Cuando sir Andrew volvió a mirarla, lo único que vio en su rostro fue preocupación por el accidente que acababa de ocurrir y alivio por su feliz conclusión. La nota, tan pequeña como decisiva, se había deslizado hasta el suelo. El joven se apresuró a recogerla, y cuando sus dedos se cerraron con fuerza sobre ella, en su rostro apareció una expresión de enorme alivio.
—¿No le da vergüenza estar haciendo estragos en el corazón de una duquesa impresionable mientras conquista el afecto de mi pequeña Suzanne, sir Andrew? —dijo Marguerite, moviendo la cabeza con un suspiro de coquetería—. ¡Vaya, vaya!

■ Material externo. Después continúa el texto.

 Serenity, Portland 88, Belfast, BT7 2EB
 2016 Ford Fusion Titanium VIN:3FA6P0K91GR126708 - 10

Estoy convencida de que ha sido el mismísimo Cupido quien se ha puesto a su lado para amenazar al ministerio de Asuntos Exteriores con un incendio y obligarme a tirar ese mensaje de amor antes de que lo mancillaran mis ojos indiscretos. ¡Y pensar que con un momento más hubiera podido enterarme de los secretos de una duquesa pecadora!
—¿Me permite que reanude la interesante actividad que usted ha interrumpido, lady Blakeney? —dijo sir Andrew, con la misma calma que demostraba Marguerite.
—¡Claro que sí, sir Andrew! ¡Por nada del mundo osaría estorbar los planes del dios del amor una vez más! Quizá desencadenaría sobre sí un terrible castigo por mi atrevimiento. ¡Adelante, siga quemando su prenda de amor!
Sir Andrew ya había formado una larga pajuela retorciendo el papel y lo había colocado a la llama de la vela que no se había pagado. No reparó en la extraña sonrisa dibujada en el rostro de su hermosa contrincante, tan absorto estaba en la tarea de destruirlo. De haberla notado, quizá se hubiera borrado de su rostro la expresión de alivio. Contempló la fatídica nota mientras se rizaba bajo la llama. Al cabo de unos segundos cayó al suelo el último fragmento, y aplastó las cenizas con el pie.
—Y bien, sir Andrew —dijo Marguerite Blakeney, con la coquetería y el aplomo que la caracterizaban—, ¿se atreve a despertar los celos de su dama invitándome a bailar el minué?